What she told Koloc, who today is the director of talent acquisition and development for Hillary for America, shocked him: Political campaigns typically don’t have anyone dedicated to hiring. Department heads individually bring people on as needed, and usually those people come from their inner circles. “The thing about politics is that it is really a word-of-mouth game,” says James Hohmann, national political correspondent for the Washington Post, who has rubbed shoulders with countless staffers in the three presidential elections he’s covered. “A lot of times people get put in important positions because they happened to show up or they know a friend . . . there is a really ad hoc nature to how it works.” The problem with inner circles, of course, is that they tend to look like the (white male) people at their centers, potentially perpetuating the lack of diversity—an acknowledged problem in the tech space and elsewhere.
That was vastly different from how Koloc approached hiring. A company is only as good as its talent, he figured, so hiring should be approached with the same vigor as categories like marketing or sales.

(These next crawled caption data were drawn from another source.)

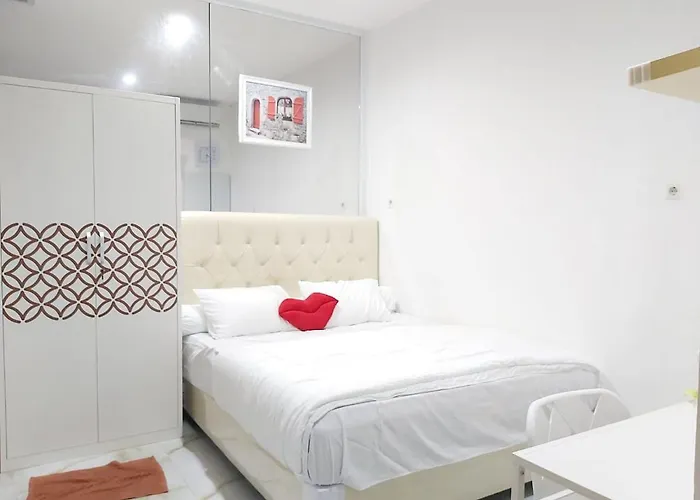 Alex Hostel 2 Palembang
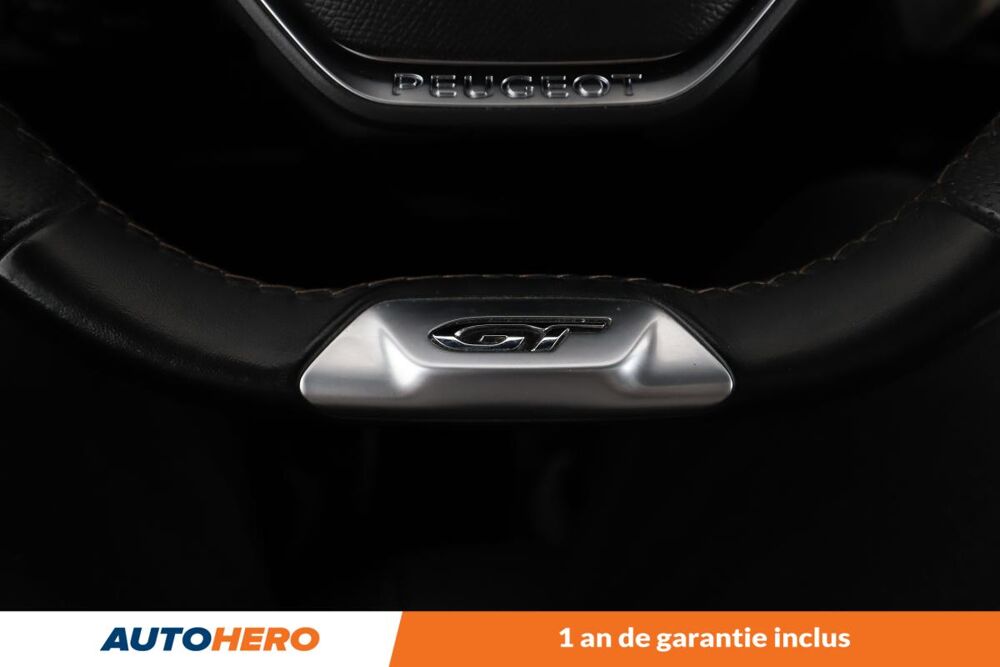 3008 1.6 Hybrid4 GT e-EAT8 300 ch 2020 occasion 92130 Issy-les-Moulineaux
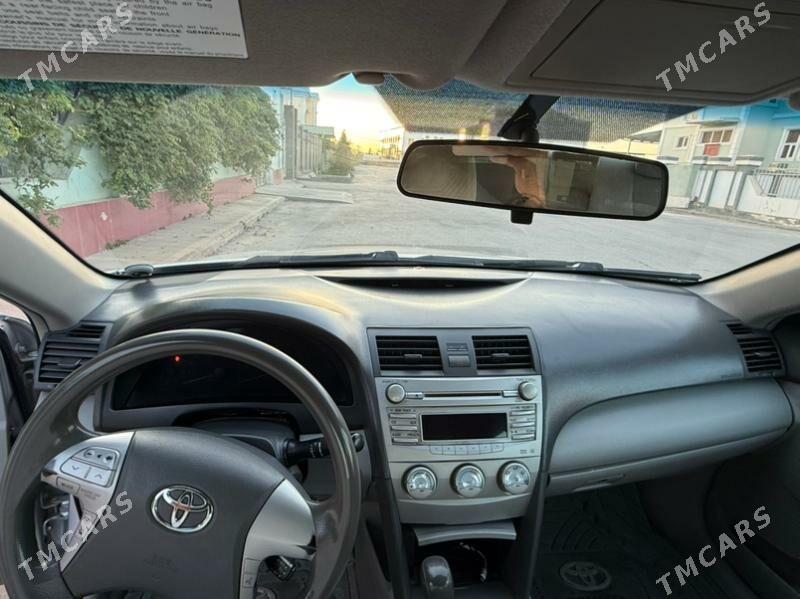 Toyota Camry 2010 - 200 000 TMT - Туркменабат - img 5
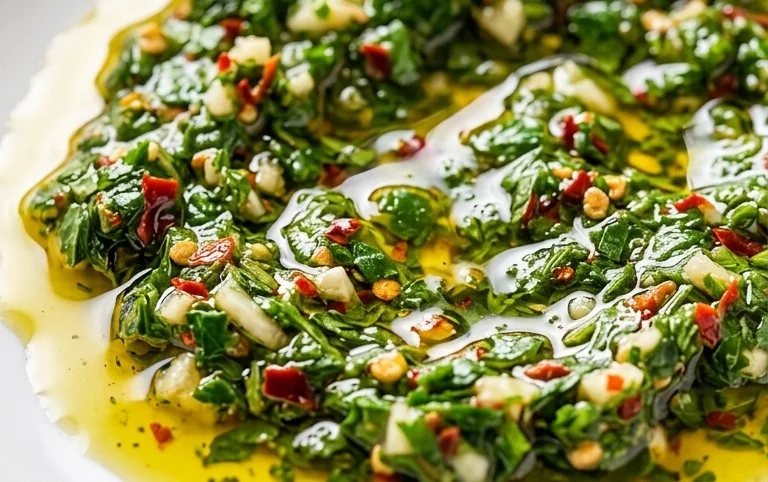 Chimichurri Sauce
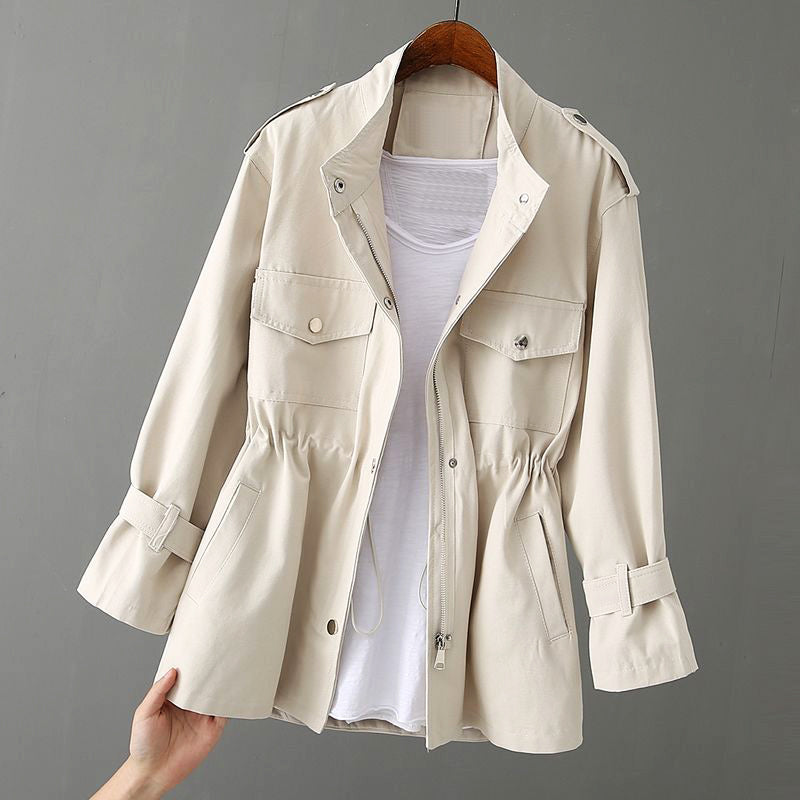 Elise | Women's Wind Whisper Jacket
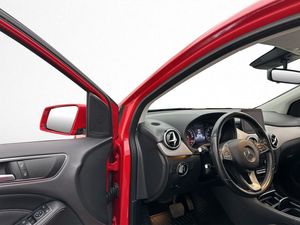 Mercedes B180 bild 27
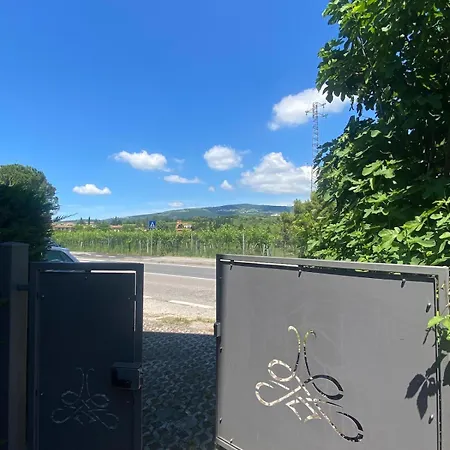 In The Heart Of Valpolicella * San Pietro in Cariano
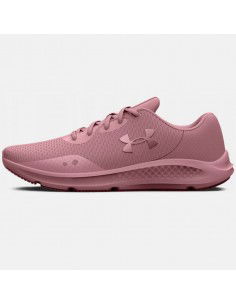 Under Armour Women39s Charged Pursuit 3 Running Shoes 3024889 602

Since starting his company after college, he had created a list of best practices for companies to follow to get the exact people they want and need. Nothing was left to chance; everything from where to look for new hires to how to write a job description was done intentionally.
Koloc forgot all about his conversation with Habershaw until this February, when he received a call while walking home from work. It was from David Levine, the deputy COO for Hillary Clinton’s presidential campaign, who had gotten a tip from Habershaw about him. Levine wanted to know if Koloc would consider serving, should Clinton run, as her director of talent acquisition and development, a role no one I spoke to can recall a major political campaign ever having—and one that has transformed the demographics of the people working on Clinton’s campaign. “It was wild,” says Koloc. “I was so excited to figure this out.”
Clinton’s campaign headquarters are located in Brooklyn Heights, a tony New York City neighborhood close to Brooklyn Bridge. The scene inside resembles a somewhat jumbled WeWork office, with slews of eager, diverse, busy people working intensely on bean bag chairs or cobbled-together standing desks, pausing occasionally for karaoke night or a round of air hockey. If Koloc’s goal was to fill the campaign with a racially, ethnically, and gender-diverse staff, at first glance it appears he has achieved it.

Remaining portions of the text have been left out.